§ **WHAT THE TASK REQUIRES**: Check every line of the data for the word "Hoodie", and copy those that have it.

§ **EXTRACTED ENTRIES**:
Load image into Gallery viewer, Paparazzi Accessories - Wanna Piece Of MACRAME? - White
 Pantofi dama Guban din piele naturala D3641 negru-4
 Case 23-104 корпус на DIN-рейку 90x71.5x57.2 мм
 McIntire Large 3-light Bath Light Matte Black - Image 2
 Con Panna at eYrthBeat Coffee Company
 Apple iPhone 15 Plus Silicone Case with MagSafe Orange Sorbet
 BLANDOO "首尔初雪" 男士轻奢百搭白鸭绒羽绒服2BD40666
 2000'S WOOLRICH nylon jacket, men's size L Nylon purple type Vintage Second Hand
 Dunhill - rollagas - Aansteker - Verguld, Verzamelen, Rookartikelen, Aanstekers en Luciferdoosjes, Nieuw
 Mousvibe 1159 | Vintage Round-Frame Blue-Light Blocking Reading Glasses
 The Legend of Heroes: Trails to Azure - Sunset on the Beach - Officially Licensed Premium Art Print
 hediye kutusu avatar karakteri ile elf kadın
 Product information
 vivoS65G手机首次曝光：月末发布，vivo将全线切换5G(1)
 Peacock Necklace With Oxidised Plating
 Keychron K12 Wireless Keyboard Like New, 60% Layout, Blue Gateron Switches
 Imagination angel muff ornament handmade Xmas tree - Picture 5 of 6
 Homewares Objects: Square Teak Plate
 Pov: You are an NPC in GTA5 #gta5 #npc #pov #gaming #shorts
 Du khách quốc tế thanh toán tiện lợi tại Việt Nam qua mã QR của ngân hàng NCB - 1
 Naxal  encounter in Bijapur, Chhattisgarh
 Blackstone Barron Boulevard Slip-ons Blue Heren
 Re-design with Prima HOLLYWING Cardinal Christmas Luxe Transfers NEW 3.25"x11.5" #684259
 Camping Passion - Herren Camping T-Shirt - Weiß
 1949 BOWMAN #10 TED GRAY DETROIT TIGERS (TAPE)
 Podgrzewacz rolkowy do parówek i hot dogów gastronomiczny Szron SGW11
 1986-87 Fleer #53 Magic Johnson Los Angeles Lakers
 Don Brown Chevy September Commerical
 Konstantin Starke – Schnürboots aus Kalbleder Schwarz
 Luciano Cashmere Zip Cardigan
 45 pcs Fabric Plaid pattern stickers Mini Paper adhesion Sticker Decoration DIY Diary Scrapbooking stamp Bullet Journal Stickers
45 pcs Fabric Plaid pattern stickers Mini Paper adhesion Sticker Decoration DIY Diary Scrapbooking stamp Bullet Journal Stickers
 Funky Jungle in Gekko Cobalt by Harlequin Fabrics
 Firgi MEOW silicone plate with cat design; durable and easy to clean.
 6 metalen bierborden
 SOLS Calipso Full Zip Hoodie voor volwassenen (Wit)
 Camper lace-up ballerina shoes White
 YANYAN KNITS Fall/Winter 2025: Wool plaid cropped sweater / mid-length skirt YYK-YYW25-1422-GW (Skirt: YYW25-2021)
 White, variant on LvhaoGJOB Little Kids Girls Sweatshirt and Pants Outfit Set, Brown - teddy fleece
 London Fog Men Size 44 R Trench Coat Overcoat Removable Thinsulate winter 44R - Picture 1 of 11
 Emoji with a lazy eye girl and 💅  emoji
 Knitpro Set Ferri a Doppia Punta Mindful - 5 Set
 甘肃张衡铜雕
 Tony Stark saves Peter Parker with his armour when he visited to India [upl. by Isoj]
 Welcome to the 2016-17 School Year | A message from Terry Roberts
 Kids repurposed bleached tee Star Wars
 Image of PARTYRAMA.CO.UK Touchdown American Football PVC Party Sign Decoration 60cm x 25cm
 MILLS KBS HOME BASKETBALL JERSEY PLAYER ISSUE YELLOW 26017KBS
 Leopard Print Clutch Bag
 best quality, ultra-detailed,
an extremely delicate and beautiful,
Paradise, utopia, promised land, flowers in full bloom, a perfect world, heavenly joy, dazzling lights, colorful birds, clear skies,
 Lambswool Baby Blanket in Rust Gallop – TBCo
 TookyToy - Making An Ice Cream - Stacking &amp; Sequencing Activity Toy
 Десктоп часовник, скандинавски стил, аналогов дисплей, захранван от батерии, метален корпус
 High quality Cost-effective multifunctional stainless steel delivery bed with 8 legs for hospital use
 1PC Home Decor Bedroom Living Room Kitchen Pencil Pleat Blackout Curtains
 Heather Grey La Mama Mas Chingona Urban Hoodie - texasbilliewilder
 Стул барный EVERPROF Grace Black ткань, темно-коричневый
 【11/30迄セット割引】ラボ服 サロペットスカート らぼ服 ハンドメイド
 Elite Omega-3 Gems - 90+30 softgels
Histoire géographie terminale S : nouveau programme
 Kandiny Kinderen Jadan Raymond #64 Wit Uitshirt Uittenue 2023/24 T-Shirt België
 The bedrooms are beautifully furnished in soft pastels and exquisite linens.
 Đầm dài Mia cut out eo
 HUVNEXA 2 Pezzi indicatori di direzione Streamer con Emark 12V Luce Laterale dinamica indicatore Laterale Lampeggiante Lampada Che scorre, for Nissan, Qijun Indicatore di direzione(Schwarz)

§ **REPLY TO THE EXERCISE**:
 SOLS Calipso Full Zip Hoodie voor volwassenen (Wit)
 Heather Grey La Mama Mas Chingona Urban Hoodie - texasbilliewilder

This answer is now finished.